Activity:
Please repeat the records below exactly, but only from the line that contains "abnormalities. Focal disk" onward, ending with the last line.
START Records provided
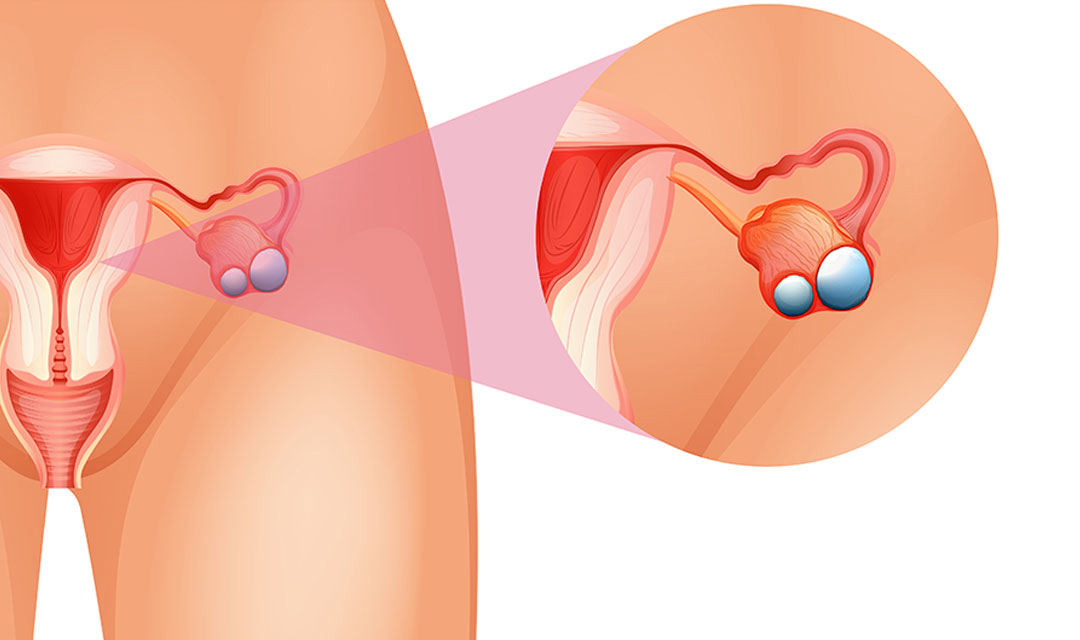 Lo que necesita conocer sobre los quistes ováricos
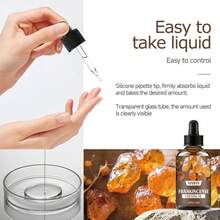 30ml/60ml 乳香精油香薰油，持久留香，设计精美的便携式瓶子，适用于面部保湿、头发、皮肤和身体护理，适用于香薰机、香薰木、家居、户外旅行、汽车，节日的绝佳礼物选择 - 乳香香薰精油 - 查看 4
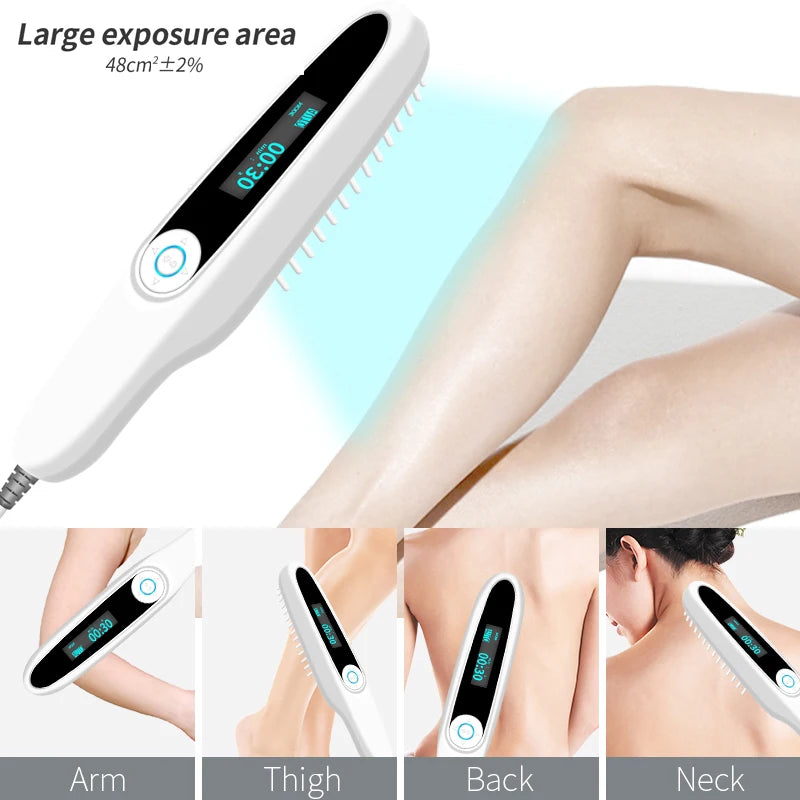 UVB Ultraviolet Phototherapy Instrument Vitiligo Treatment Ultraviolet Lamp Laser Psoriasis Lamp Phototherapy Vitiligo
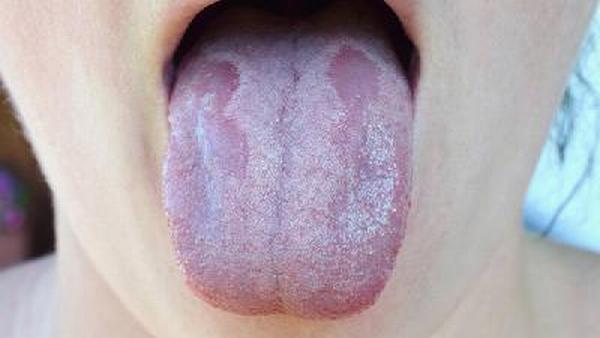 舌癌用什么中成药
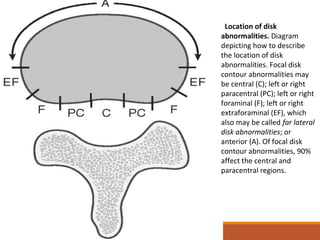 Location of disk
abnormalities. Diagram
depicting how to describe
the location of disk
abnormalities. Focal disk
contour abnormalities may
be central (C); left or right
paracentral (PC); left or right
foraminal (F); left or right
extraforaminal (EF), which
also may be called far lateral
disk abnormalities; or
anterior (A). Of focal disk
contour abnormalities, 90%
affect the central and
paracentral regions.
END Records provided
Answer to this task:
abnormalities. Focal disk
contour abnormalities may
be central (C); left or right
paracentral (PC); left or right
foraminal (F); left or right
extraforaminal (EF), which
also may be called far lateral
disk abnormalities; or
anterior (A). Of focal disk
contour abnormalities, 90%
affect the central and
paracentral regions.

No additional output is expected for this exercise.